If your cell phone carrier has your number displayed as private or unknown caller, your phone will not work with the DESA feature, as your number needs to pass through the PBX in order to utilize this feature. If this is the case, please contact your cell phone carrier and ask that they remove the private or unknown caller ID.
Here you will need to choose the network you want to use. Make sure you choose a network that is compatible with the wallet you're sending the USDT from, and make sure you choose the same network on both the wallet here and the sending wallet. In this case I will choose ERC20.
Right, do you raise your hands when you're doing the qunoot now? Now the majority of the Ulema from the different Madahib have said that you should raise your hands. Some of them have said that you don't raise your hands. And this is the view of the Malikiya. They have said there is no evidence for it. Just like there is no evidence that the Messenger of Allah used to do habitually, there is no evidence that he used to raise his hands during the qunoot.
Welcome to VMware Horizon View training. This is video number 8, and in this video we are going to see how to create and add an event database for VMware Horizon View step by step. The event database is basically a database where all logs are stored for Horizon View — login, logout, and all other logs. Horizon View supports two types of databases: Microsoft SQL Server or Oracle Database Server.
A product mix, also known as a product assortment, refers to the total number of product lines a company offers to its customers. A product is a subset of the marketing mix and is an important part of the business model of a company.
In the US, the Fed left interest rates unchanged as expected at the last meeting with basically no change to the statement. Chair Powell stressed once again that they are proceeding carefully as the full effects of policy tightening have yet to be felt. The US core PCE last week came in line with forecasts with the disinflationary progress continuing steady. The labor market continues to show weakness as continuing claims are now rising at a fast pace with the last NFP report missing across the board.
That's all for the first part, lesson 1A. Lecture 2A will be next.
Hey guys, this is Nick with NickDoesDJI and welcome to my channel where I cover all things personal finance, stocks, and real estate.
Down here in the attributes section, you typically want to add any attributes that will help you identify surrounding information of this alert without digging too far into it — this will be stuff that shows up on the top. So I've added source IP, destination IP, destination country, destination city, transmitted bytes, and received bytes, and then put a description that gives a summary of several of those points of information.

######

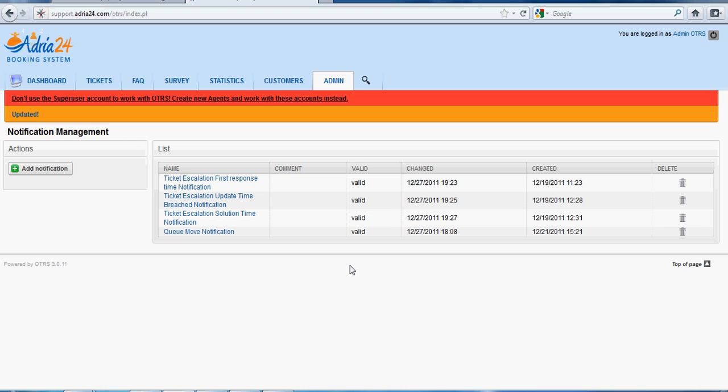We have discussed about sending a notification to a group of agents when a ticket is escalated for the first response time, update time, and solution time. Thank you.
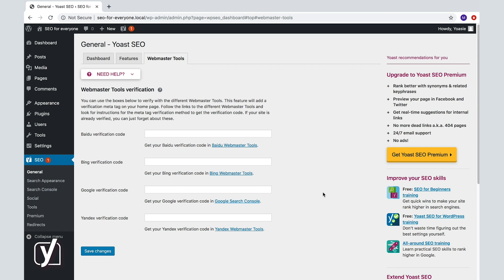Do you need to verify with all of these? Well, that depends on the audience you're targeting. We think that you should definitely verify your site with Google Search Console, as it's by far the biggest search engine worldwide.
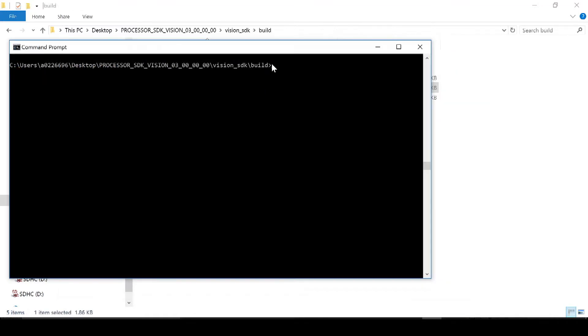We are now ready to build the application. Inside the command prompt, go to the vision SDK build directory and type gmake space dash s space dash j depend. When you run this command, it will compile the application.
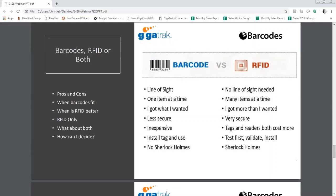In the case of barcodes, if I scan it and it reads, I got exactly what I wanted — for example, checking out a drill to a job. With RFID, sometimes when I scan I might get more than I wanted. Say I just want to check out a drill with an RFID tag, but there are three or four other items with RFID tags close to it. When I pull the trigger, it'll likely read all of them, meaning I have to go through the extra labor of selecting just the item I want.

######

= EXERCISE DIRECTIONS =
Only one part of the material above is to be transcribed, namely the lines starting with the line that has "In the US, the" and going on through the line that has "Down here in", exactly as they stand.

= OUTPUT OF THE TASK =
In the US, the Fed left interest rates unchanged as expected at the last meeting with basically no change to the statement. Chair Powell stressed once again that they are proceeding carefully as the full effects of policy tightening have yet to be felt. The US core PCE last week came in line with forecasts with the disinflationary progress continuing steady. The labor market continues to show weakness as continuing claims are now rising at a fast pace with the last NFP report missing across the board.
That's all for the first part, lesson 1A. Lecture 2A will be next.
Hey guys, this is Nick with NickDoesDJI and welcome to my channel where I cover all things personal finance, stocks, and real estate.
Down here in the attributes section, you typically want to add any attributes that will help you identify surrounding information of this alert without digging too far into it — this will be stuff that shows up on the top. So I've added source IP, destination IP, destination country, destination city, transmitted bytes, and received bytes, and then put a description that gives a summary of several of those points of information.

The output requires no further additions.